Il percorso espositivo accompagnerà il visitatore nella scoperta di queste due figure a partire dal loro incontro: raccontandone la storia si metterà in luce il loro rapporto con la città in cambiamento e le fotografie scattate dal Conte Primoli negli ultimi anni dell’Ottocento diventeranno il fil rouge che guiderà nelle varie tappe del percorso.
Ogni tappa evidenzierà, inoltre, con pannelli identificabili graficamente e cromaticamente, l’aspetto ottocentesco della sala di Villa Farnesina in cui il visitatore si trova, mettendo l’accento sui dettagli e i particolari degli apparati decorativi approfondendo soprattutto le ornamentazioni pittoriche a finti tendaggi e i succhi d’erba appositamente concepiti a complemento dell’esistente decorazione a fresco rinascimentale. Una sala multimediale racconterà l’evoluzione delle decorazioni tessili parietali che dal Cinquecento all’età contemporanea, dagli arazzi ai corami e alla carta da parati hanno caratterizzato anche la Villa Farnesina come formidabili indicatori del benessere del proprietario.

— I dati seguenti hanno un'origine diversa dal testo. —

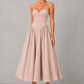 Women’s Sweetheart Godet Midi Dress with Lace-Up Back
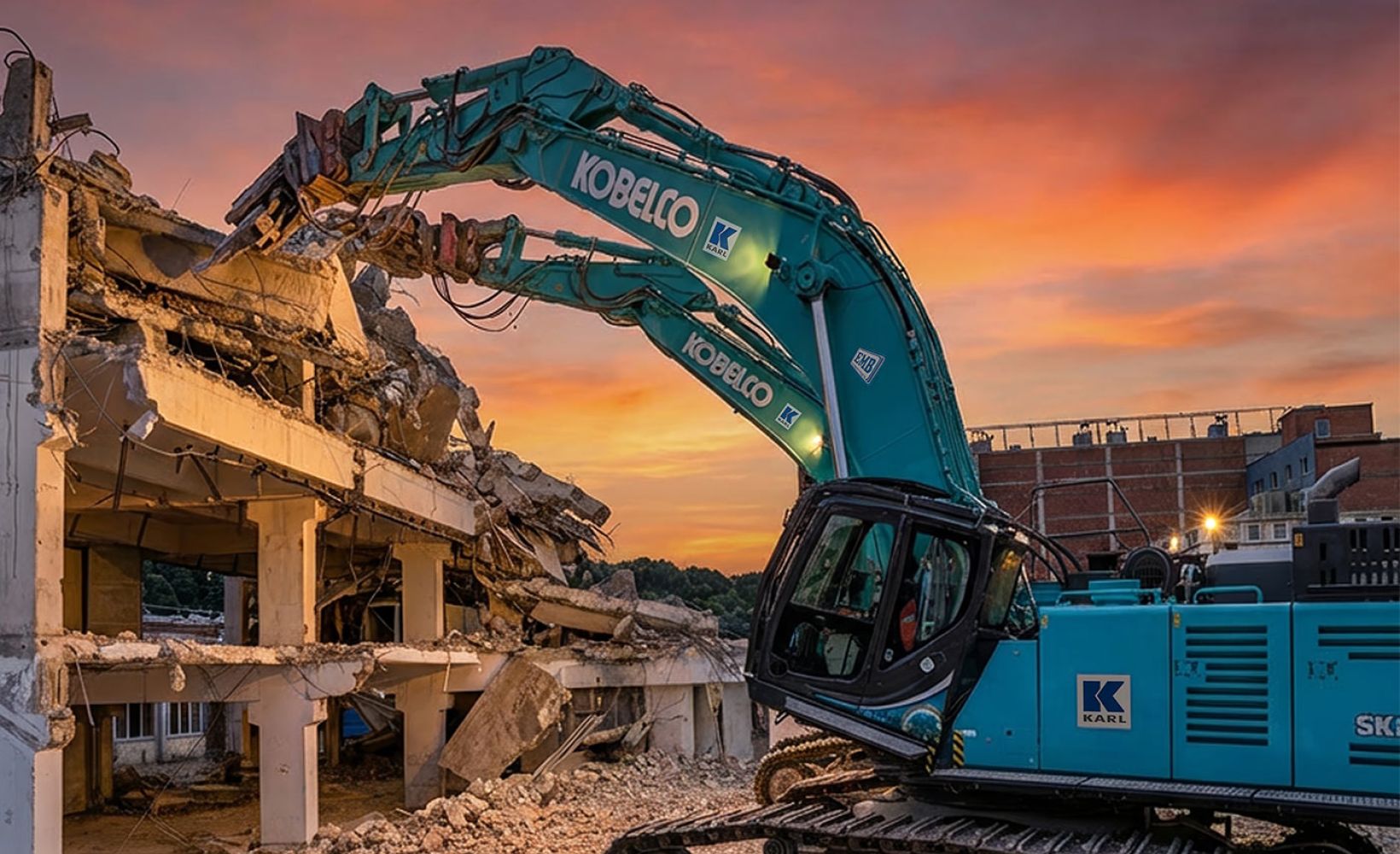 Abbruch KARL-Bau Bagger Kobelco850 SK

L’ultima sezione della mostra posta al primo piano racconterà la città “intorno a Villa Farnesina”, con un focus su Palazzo Farnese, su Palazzo Corsini e, grazie alla collaborazione con la Sovrintendenza Capitolina ai Beni Culturali, sulle vicende delle Mura Aureliane nell'Ottocento, in particolare sul tratto cosiddetto "della Farnesina", oggi visibile all'interno del giardino della Villa che costituisce uno dei pochi resti della cinta muraria ancora conservati sulla riva destra del Tevere. Dopo l’annessione di Roma al nuovo Stato italiano il tracciato murario, privato della funzione difensiva, seguì le esigenze dell’espansione urbana. Molti settori furono sacrificati per consentire il collegamento tra l'interno della città e i quartieri periferici, mentre alcune porzioni isolate furono convertite in studi d'artista e abitazioni. L’esposizione a cura dell’École française de Rome di alcuni disegni facenti parte di una raccolta per la prima volta esposta presenta il lavoro dell’architetto Virginio Vespignani, uno dei protagonisti di quel processo artistico-architettonico di renovatio urbis che voleva avvicinare Roma ai modelli delle capitali europee moderne, approfondendo la problematica che già dal periodo napoleonico era diventata un affare di stato: il restauro e la trasformazione delle mura che gli imperatori avevano lasciato in eredità ai pontefici.
Una serie di saggi, posti in appendice agli atti del convegno, approfondiscono tutti i temi trattati in mostra.